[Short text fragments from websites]
═══
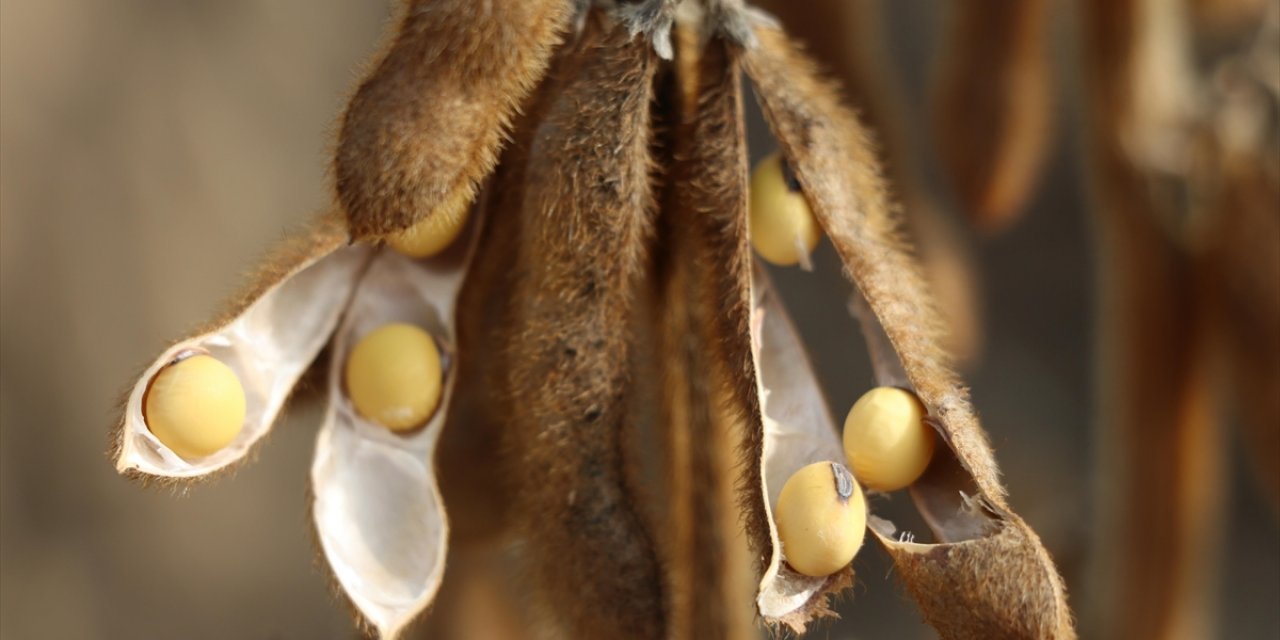 ABD İle Çin Arasındaki Görüşme Soya Fasulyesindeki Stratejik Önemi Ortaya Koydu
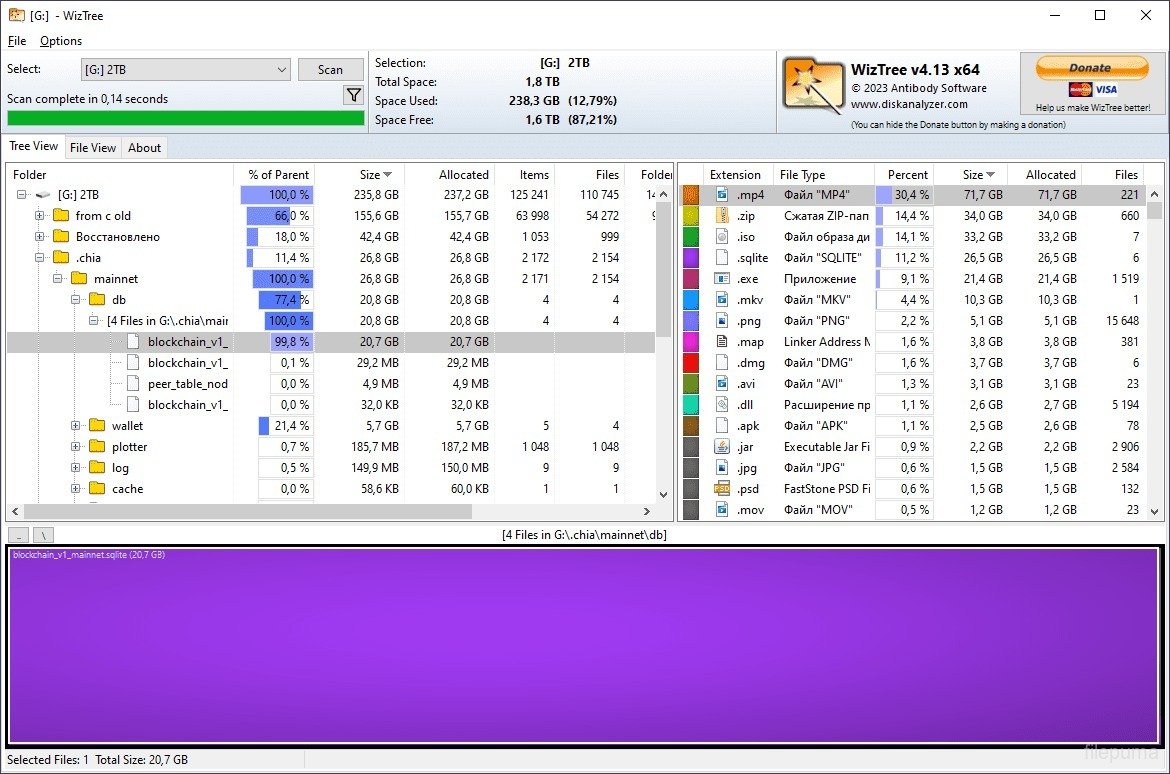 WizTree Enterprise Full Preactivated
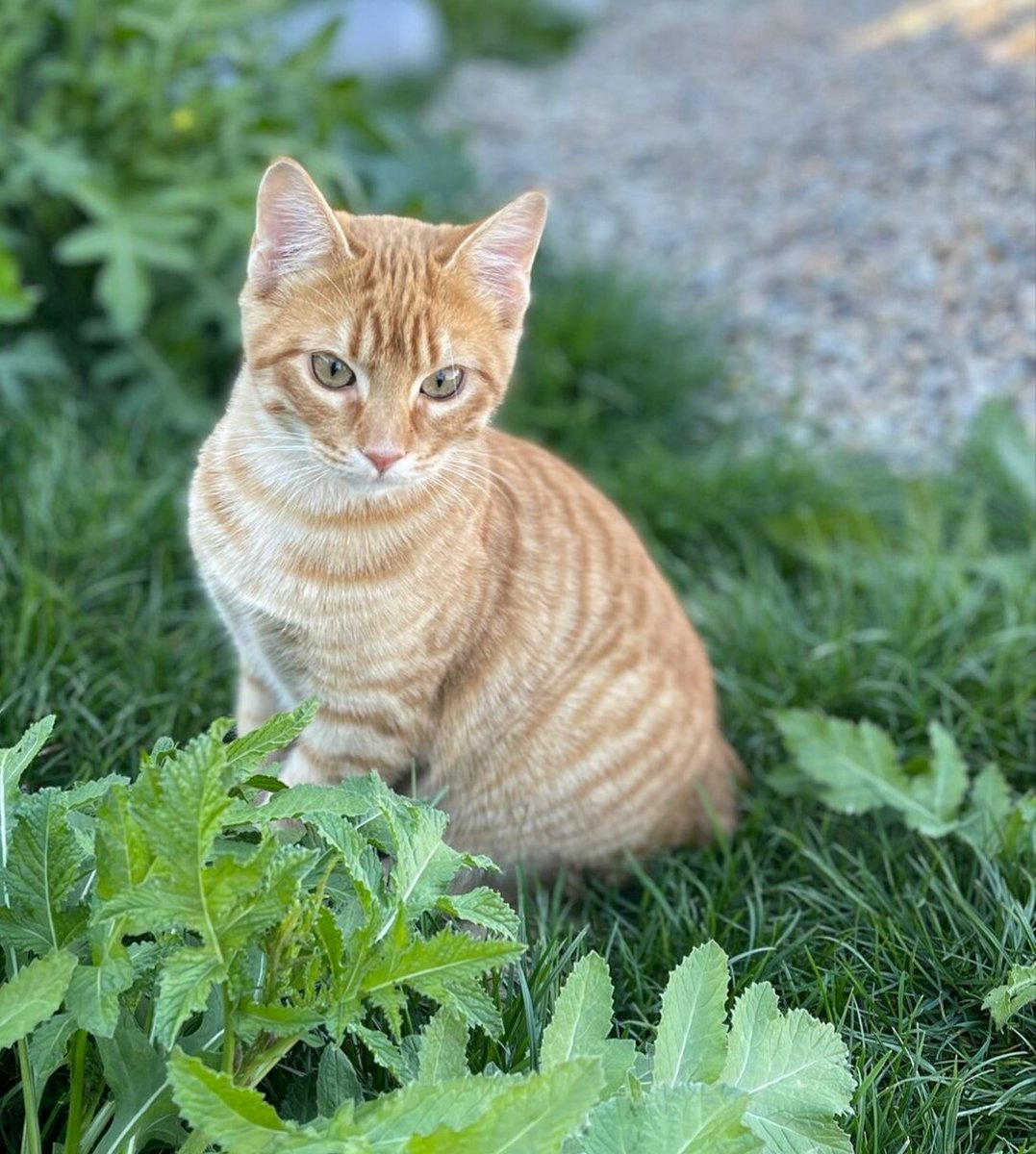 Hola soy Simba, tengo 5 meses y estoy en adopción.
Compartid para encontrarme una casita o habladle a la cuenta y me acojais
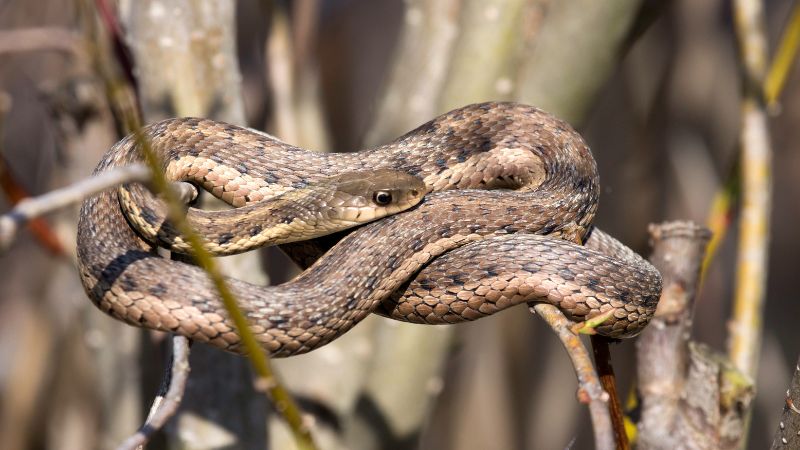 What Are Garter Snakes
═══
» Description of the task:
Return each of the lines exactly as they appear above, with no images.

» Solution to the exercise:
 ABD İle Çin Arasındaki Görüşme Soya Fasulyesindeki Stratejik Önemi Ortaya Koydu
 WizTree Enterprise Full Preactivated
 Hola soy Simba, tengo 5 meses y estoy en adopción.
Compartid para encontrarme una casita o habladle a la cuenta y me acojais
 What Are Garter Snakes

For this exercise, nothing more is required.